Pretoria crackdown on university financial bungling

四月 2, 1999

Six former all-black universities in South Africa are under government investigation in an effort to "stabilise" their finances and administration, as well as restore confidence.

The audits were announced by education minister Sibusiso Bengu during a parliamentary debate on his budget. He said staff shown not to be performing properly would be fired.

The universities being audited are Fort Hare, Transkei, North West, Zululand, the Medical University of South Africa, and the University of the North at Turfloop - all historically disadvantaged institutions that have suffered campus unrest.

"These diagnostic and remedial measures will be buttressed by an important programme of leadership development for chief executives, councils and student leaders," Professor Bengu said.
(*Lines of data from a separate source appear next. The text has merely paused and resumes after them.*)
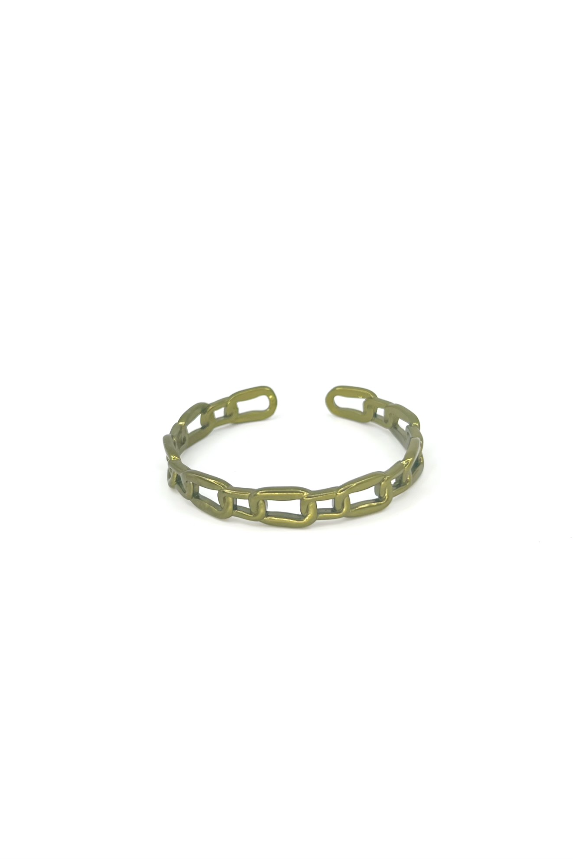 Beautiful Day Bracelet - Liquid Metallic Lemongrass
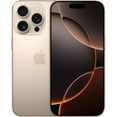 thumbnail image 1 of Restored Premium Apple iPhone 16 Pro - AT&T - 256GB Desert Titanium (Refurbished), 1 of 5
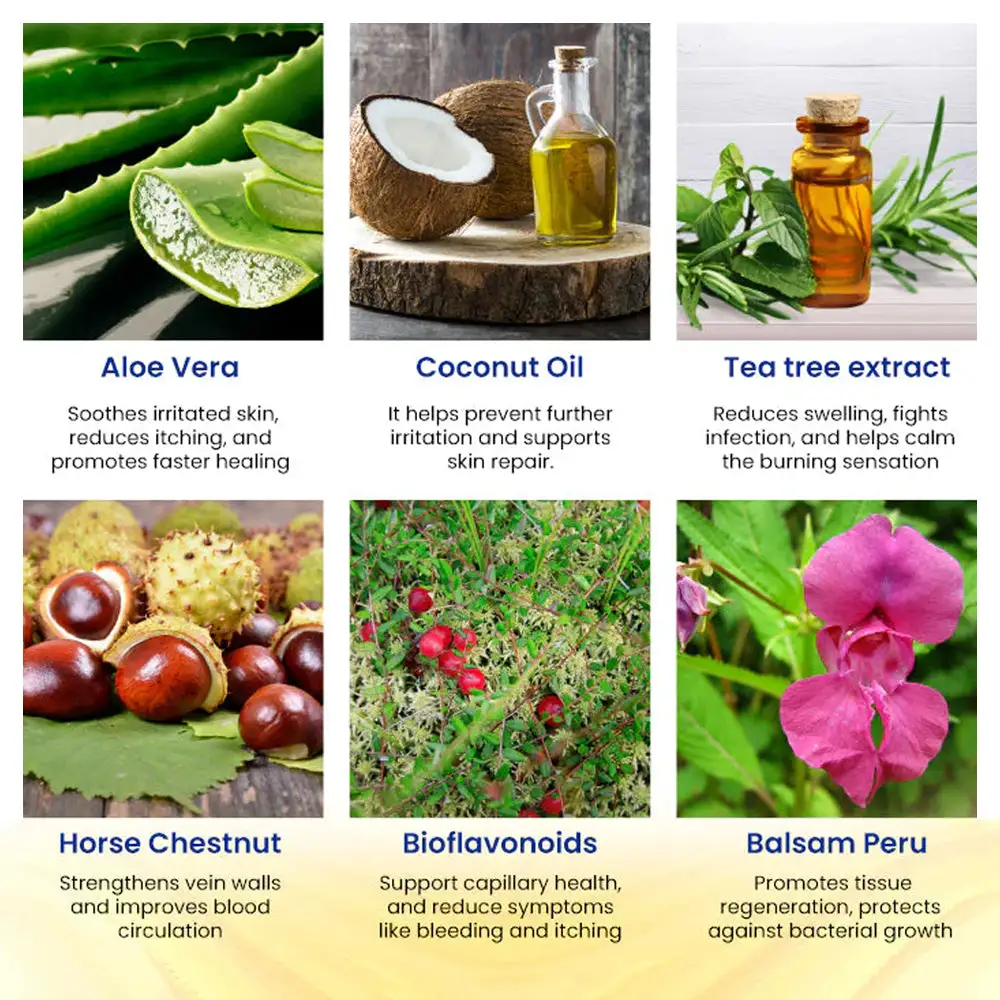 Zvoevo® Herbal Hemorrhoid Treatment Anal Spray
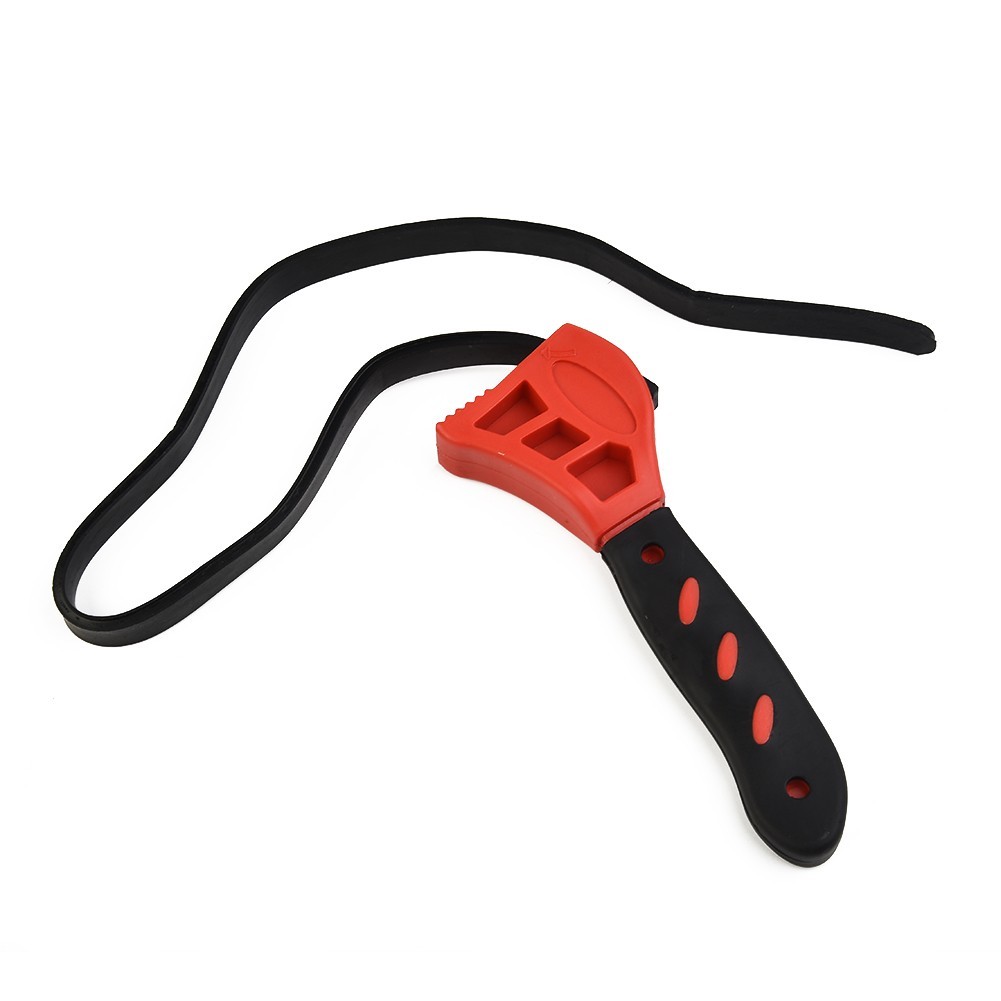 Bottle Opener Repair Tool Wrench Tool Adjustable Rubber Strap Hand Tools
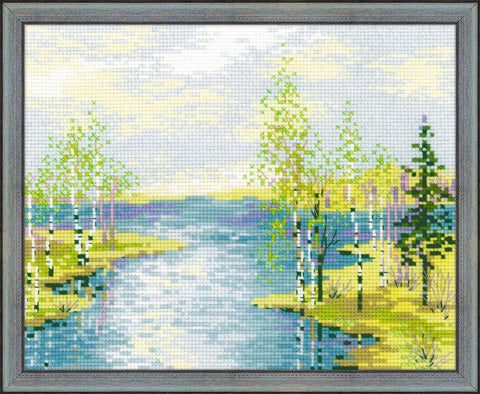 The Estuary  - Cross Stitch Kit from RIOLIS Ref. no.:1605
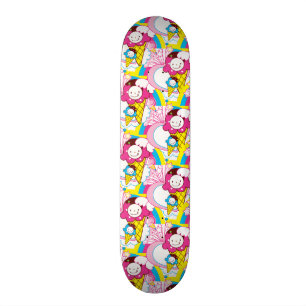 Super Kawaii Ice Cream Cute Patronen Persoonlijk Skateboard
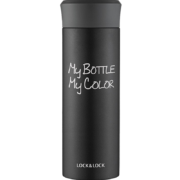 乐扣乐扣（lock&lock）缤纷保温杯 LHC4014BLK（330ml）黑色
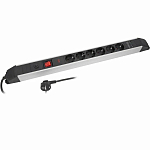 Сетевой фильтр  1.5м СТАРТ SP 6x1 ZDVT, 2USB, 6 розеток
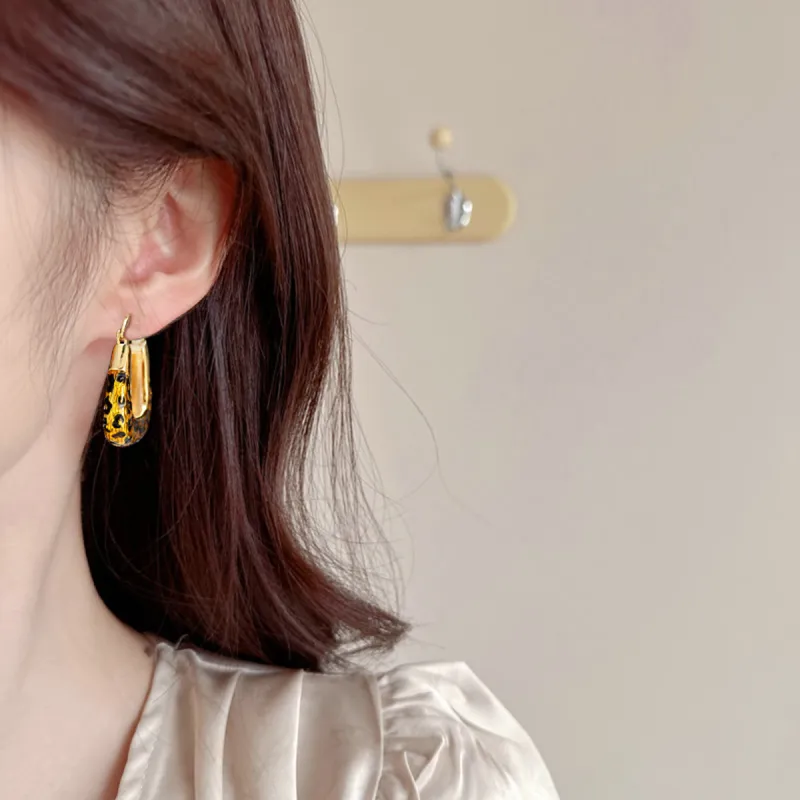 VAN GOGH Copper Earrings Women's-2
In parliament, the minister was polite about historically disadvantaged institutions. But a few days later he wrote a scathing article claiming that some of their leaders were invoking history to hide "patent mismanagement".

"Consider the simplistic and misleading equating of the non-payment of fees by students with the historical disadvantage of institutions. This flawed logic would be laughable if it was not advanced by eminent academics," he wrote. "Let us call the financial crises of some of our institutions what they really are - poor debt control and financial mismanagement."

Institutions should not expect the government to take responsibility for students who do not pay their fees, Professor Bengu continued. Rather, normal credit control measures should be applied.

Weak financial controls and poor management systems characterised failing universities. "The time has come for our institutions to be subjected to rigorous scrutiny to determine the incidence of fiscal corruption."

Vice-chancellors of historically black institutions have called repeatedly for a "Marshall plan" - mainly large cash injections - to alleviate their financial predicaments. Professor Bengu argued that it might not be morally justifiable to pump large amounts of taxpayers' money into institutions with inept financial management.

The government has, through the Higher Education Act, earmarking financial allocations and redress funding - "fulfilling the constitutional imperative to facilitate equity and development in historically deprived institutions. Beyond that, our institutions' individual and collective academic acumen has to see them forward."

The government will spend R6.6 billion (Pounds 650 million) on higher education this year. South Africa's 21 universities will get R4.4 billion, up 8 per cent on last year, while the growing technikon sector will receive R1.7 billion, up 12 per cent.

Historically white universities will receive the highest levels of funding, which is based on student numbers and pass rates.

The University of Pretoria, which now has 40,000 students, will get the highest subsidy of R539 million.